Phil Levson is a native of Calgary. He and his wife, Sherry, have five adult children with the first grandchild now three months old! Phil has a master’s degree in social work from the University of Calgary. He has worked in the non-profit sector for over 23 years. Phil has also owned a few local Calgary businesses.

Phil is currently the president and principal of the Non-Profit Management Group consulting to a number of charities, locally and nationally. He is past chair of the Canadian Association of Gift Planners for Southern Alberta. He was one of the founding directors for Leave A Legacy Calgary. He has been an active volunteer with various non-profits and most recently as the president of the Inglewood Community Association.

Phil’s presentation was on Planned Giving – Leaving Your Legacy for the Future. He had a well-prepared slide show which I would encourage you to see on the recording distributed by Gord Cox.

Planned giving reduces taxes, reduces probate and estate costs, directs money to your favorite charities, and can be an immediate or deferred gift. Phil tells us what may motivate us including supporting a cause, making a meaningful contribution, repaying for benefits received, ensuring long-term survival perhaps of your favorite charity, commemorating a life, and creating a legacy. Best of all is it just feels good to give!

He suggests the donor needs to explore his/her values to find the right cause to support. What is your donor vision? There is a move toward donor-centric gifting, donor stewardship, an informed knowledgeable donor and recognition. He states you always take care of family first. If you sell a business, there could be a tax liability. Stocks, real estate, and retirement plans can generate potential gifts.

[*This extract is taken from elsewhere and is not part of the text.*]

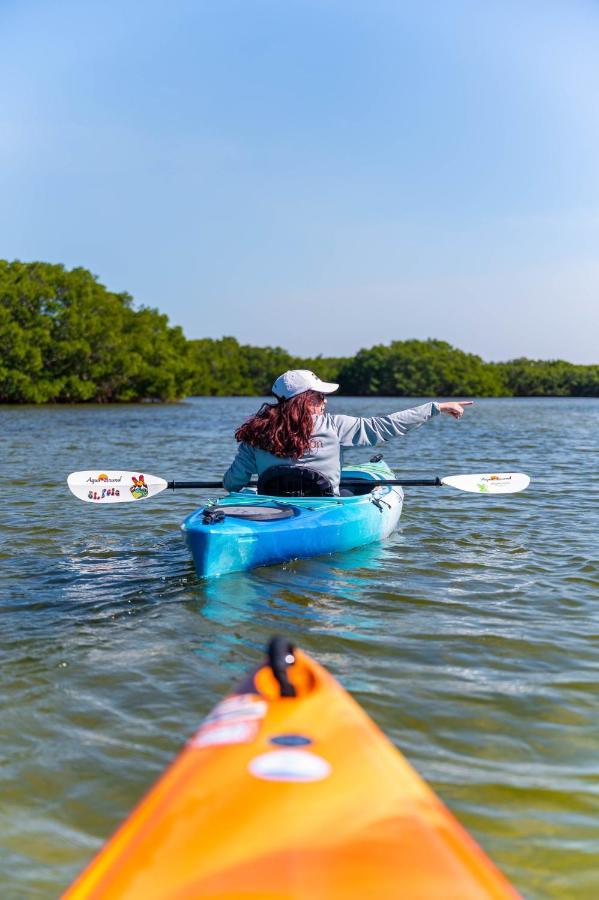 Candlewood Suites - Safety Harbor By Ihg Eksteriør bilde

Major legislative changes in 1997 through the federal budget increased donation limits to 75% of net income. The limit at death increased to 100%. All planned gifts can have positive tax implications. As of 2006, there is no capital gains on charitable gifts of securities. The Alberta government is the best geographic area for gift giving because 50% of our gifting is returned to income on charitable receipts after the first $250. Please refer to the table in the slide presentation for an example of stock gifts versus cash gifts.

Making a charitable bequest can be suggested in several ways, but Phil suggests that a percentage bequest is the easiest way to identify and manage. He suggests using “tailored to fit” solutions and, if you plan to name a charity in your will, to discuss this with family, so they know your wishes.

David Watson thanked Phil for his talk.